▶ [Work instruction] Word for word, transcribe the listing that follows, minus any pictures.

* * * *

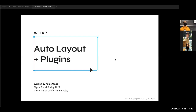Thank you for bearing with us with all of these technical issues that we've had the past couple of weeks. Since spring break is coming up, we're going to try to get them resolved. But for today, we're going to move forward with what we've got. So today we're going to be talking about auto layout and plugins.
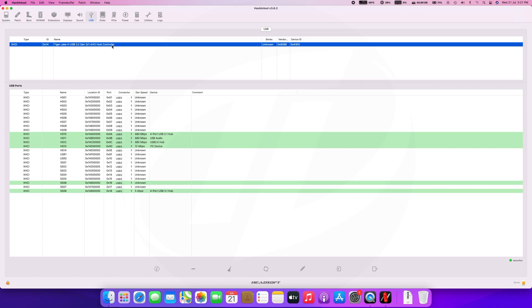Here all the USB controllers will be listed. If you have any unsupported USB controller, you'll need to use additional kexts along with USBInjectAll. Also keep in mind that USB mapping is mandatory for macOS Monterey. For mapping your USB, follow the guide from Dortania.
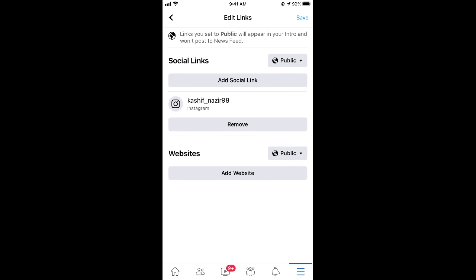Now you can see the link has been added. If you go to your profile, it might take maybe 5 to 10 minutes to update publicly, and after that your profile will be showing your Instagram link, and people will be redirected to your Instagram account from your Facebook.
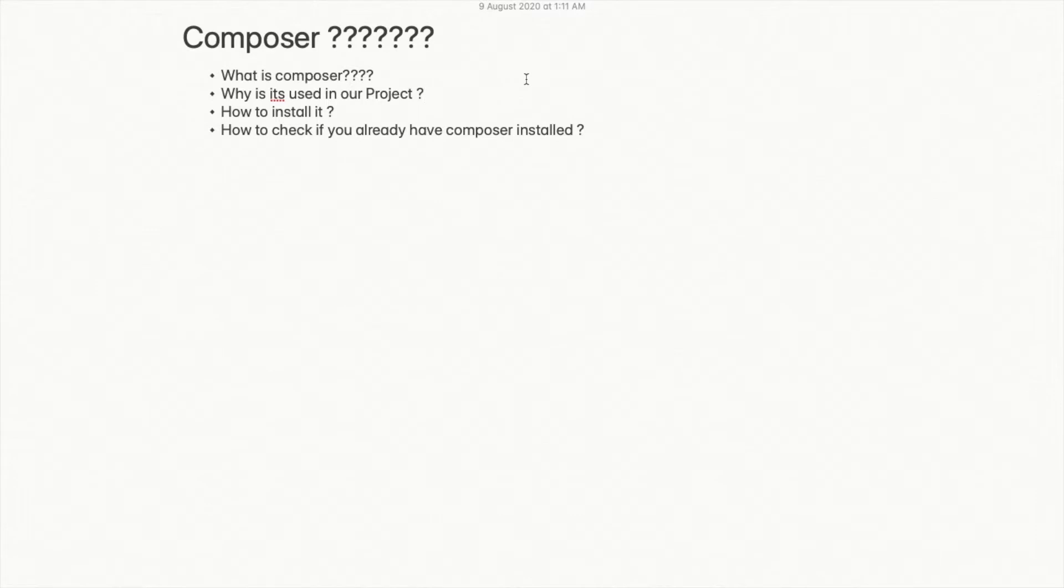It is not mandatory that without Composer you will not be able to work on your project. Composer is a combination of various packages and services.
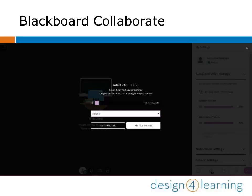When you set up your camera and microphone, the first step is the audio test for your microphone. Speak to see if the bar next to the microphone icon moves. If it does, then click yes, it's working. And if it doesn't, click no, I need help.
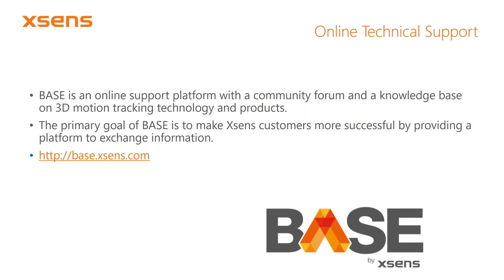Base is our online support platform where you can find knowledge base articles, frequently asked questions, and an active community forum where you can get in touch with our engineers and product specialists. Thank you for watching.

* * * *

▶ [Solution to this problem]
Thank you for bearing with us with all of these technical issues that we've had the past couple of weeks. Since spring break is coming up, we're going to try to get them resolved. But for today, we're going to move forward with what we've got. So today we're going to be talking about auto layout and plugins.
Here all the USB controllers will be listed. If you have any unsupported USB controller, you'll need to use additional kexts along with USBInjectAll. Also keep in mind that USB mapping is mandatory for macOS Monterey. For mapping your USB, follow the guide from Dortania.
Now you can see the link has been added. If you go to your profile, it might take maybe 5 to 10 minutes to update publicly, and after that your profile will be showing your Instagram link, and people will be redirected to your Instagram account from your Facebook.
It is not mandatory that without Composer you will not be able to work on your project. Composer is a combination of various packages and services.
When you set up your camera and microphone, the first step is the audio test for your microphone. Speak to see if the bar next to the microphone icon moves. If it does, then click yes, it's working. And if it doesn't, click no, I need help.
Base is our online support platform where you can find knowledge base articles, frequently asked questions, and an active community forum where you can get in touch with our engineers and product specialists. Thank you for watching.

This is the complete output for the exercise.